China’s Carl Yuan is incredibly fun to watch and has one of the most eccentric swings in golf but don’t let this fool you, he’s a superb talent and I expect him to develop into a big player on the PGA Tour going forward.
Yuan earned his first shot at the PGA Tour thanks to finishing 2nd on the KFT Money List last season, where he picked up his first title outside of China, as well as a further three runner-up finishes and three more top 5s.
These results were engineered by a game which should be a great fit for the Sanderson Farms, one of a power packed ball-striker, who also improved markedly on the greens last year. Ranking 5th in driving distance, 8th in GIR and 25th on the greens.
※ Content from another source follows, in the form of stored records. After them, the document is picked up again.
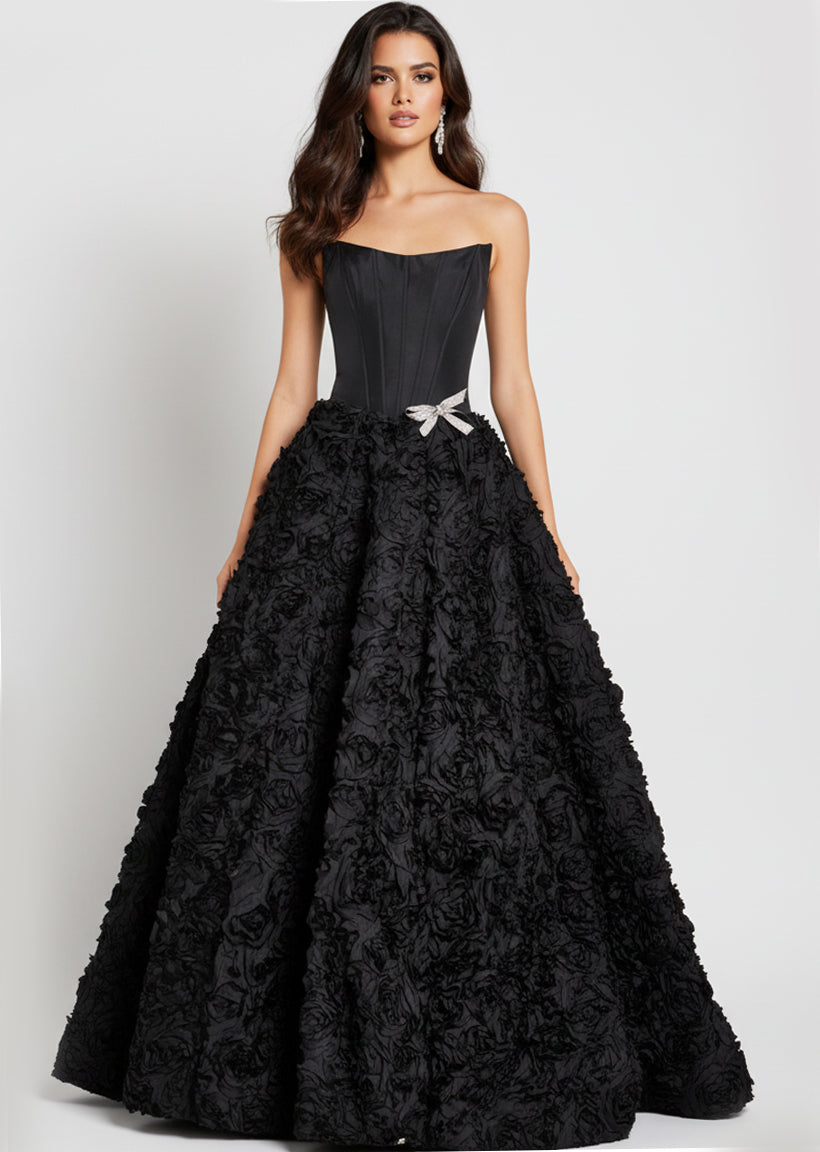 Jovani 47695-BLACK-F1
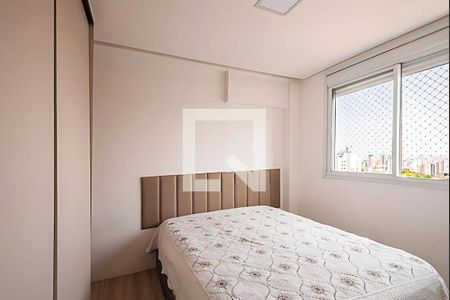 Foto 10 de apartamento à venda com 3 quartos, 73m² em Vila Mazzei, São Paulo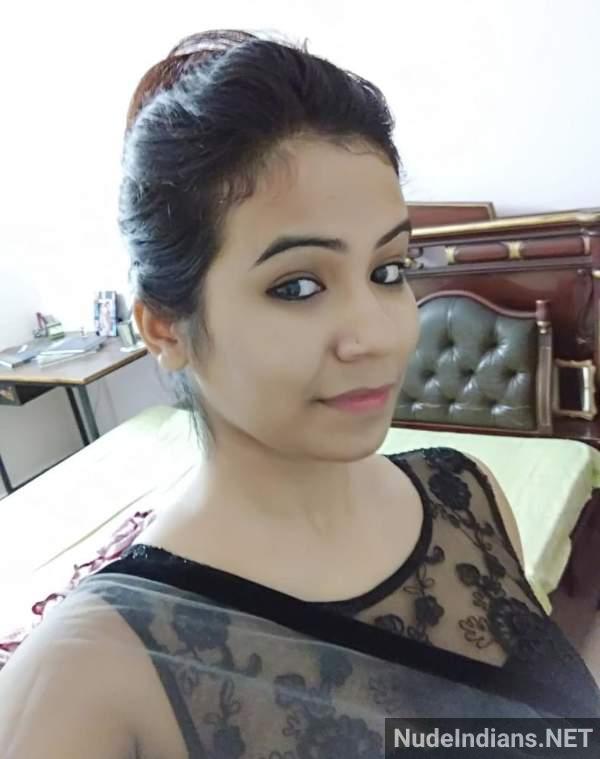 https://pub-5fcdf72a54cd4edbb03ec3edaa415a42.r2.dev/nakedleaks/exposed:_seductive_kerala_gf_reveals_all_on_camera/36.jpg
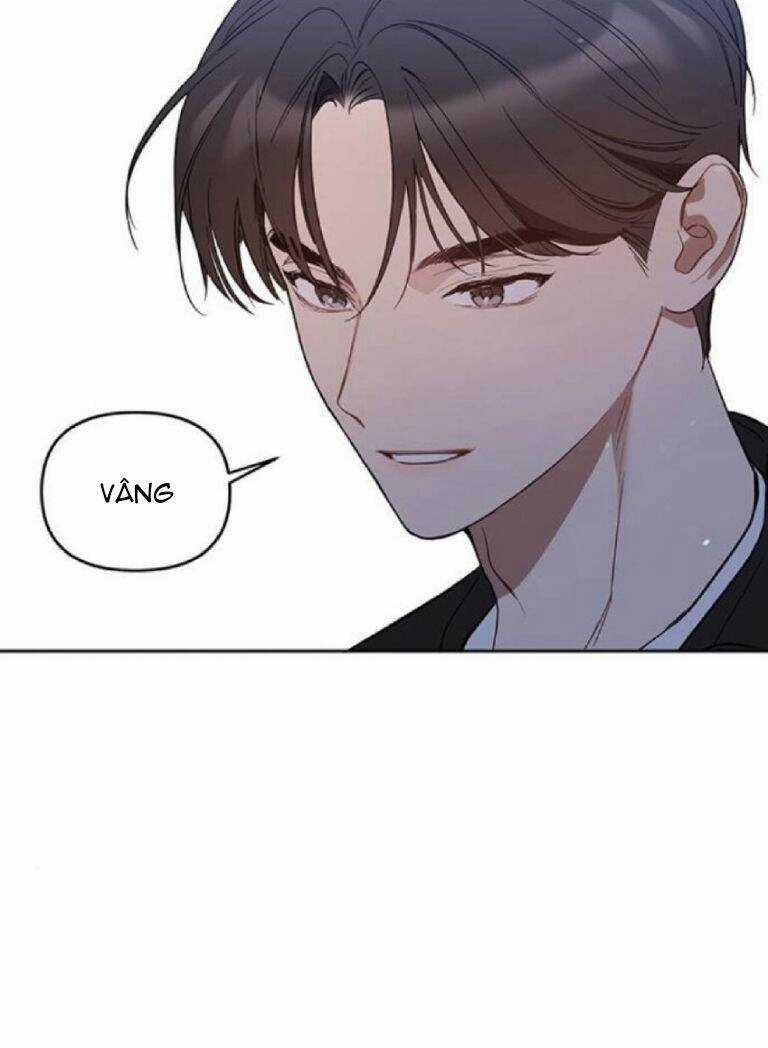 Công Việc Bất Thường Chapter 11 trang 34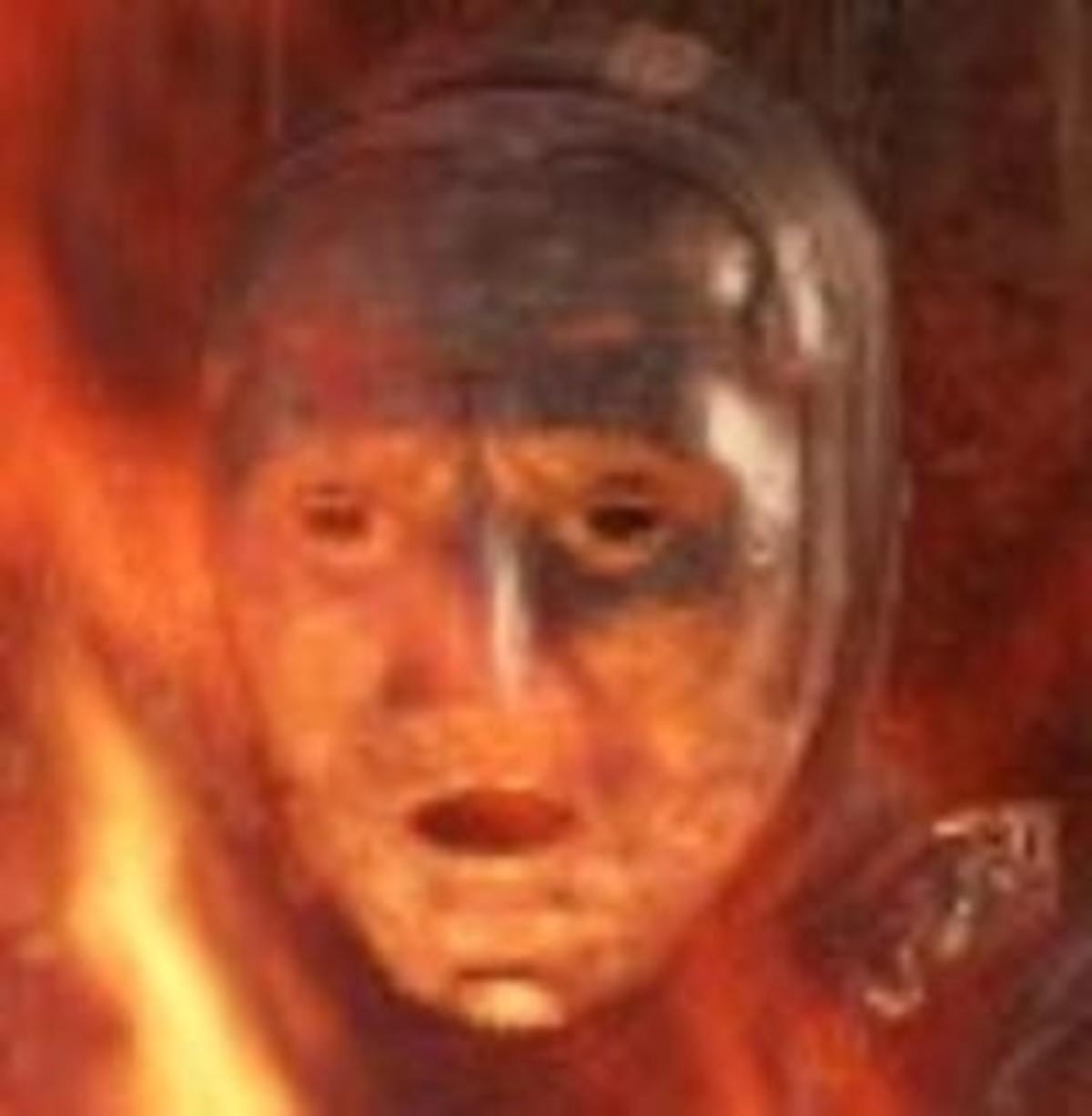 user avatar image for Frankgorius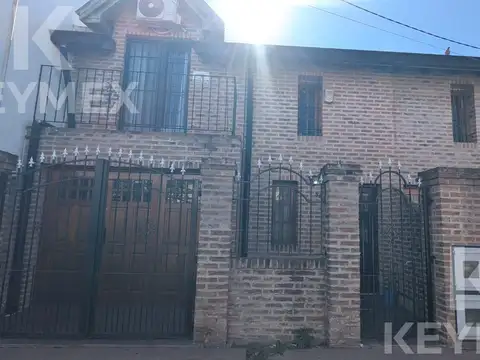 Calle 76 e/ 6 y 7 al 500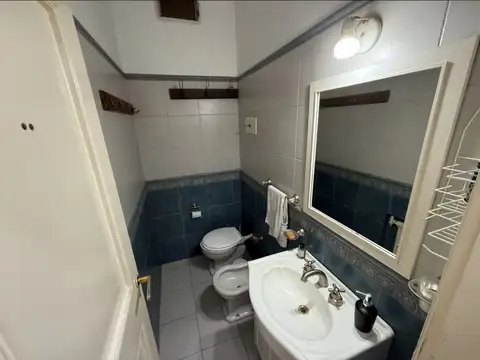 Casa en Venta en La Lucila Vias / Libertador, USD 390.000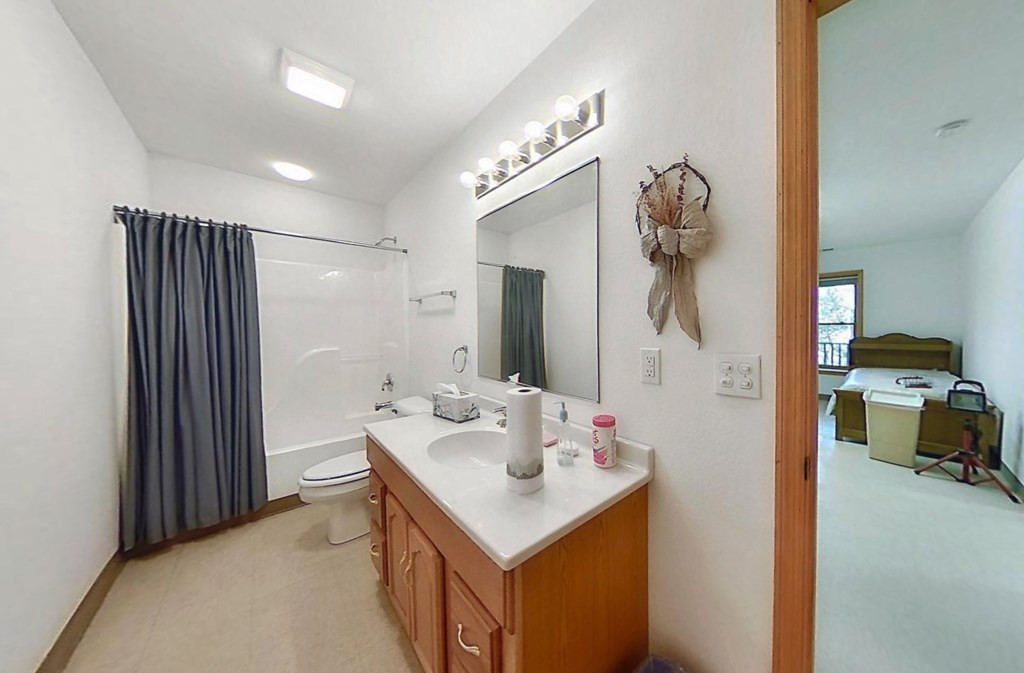 750 Double Springs Drive Property Photo 63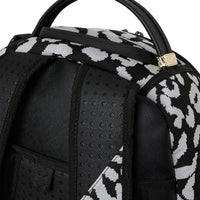 NOCTURNAL PREDATOR BACKPACK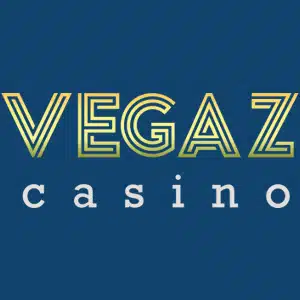 vegaz casino free spins no deposit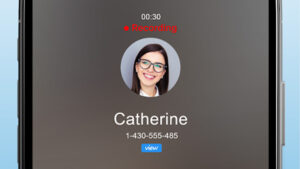 How to Record calls on Android1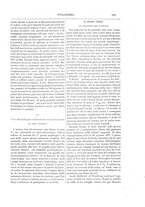 giornale/NAP0021576/1877/unico/00000243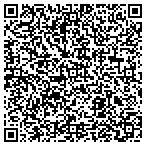 QR code with Austin Window Cleaning Service contacts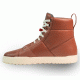 Мото кецове SIDI ARX WP HIGH CINNAMON – водоустойчиви, дишащи и защитни обувки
This was evidenced at the Fortinet Championship despite a missed cut, as Yuan upped his solid T2G performance in round one, ranking 47th, to an excellent T2G ranking of 10th in round two where he gained 1+ stroke in each recorded area. Ultimately the putter was his undoing as he lost an unaffordable 5 strokes over the opening two rounds, though I am hoping from his stats on the Korn Ferry Tour last year that he can quickly rectify that.
If he can, he should like what he finds at the Country Club of Jackson, a course more forgiving on his sometimes wayward driving and if able to produce the type of tee-to-green performance he showed two weeks ago, whilst rediscovering the touch with the putter he developed last year, he can get in the mix on his first visit.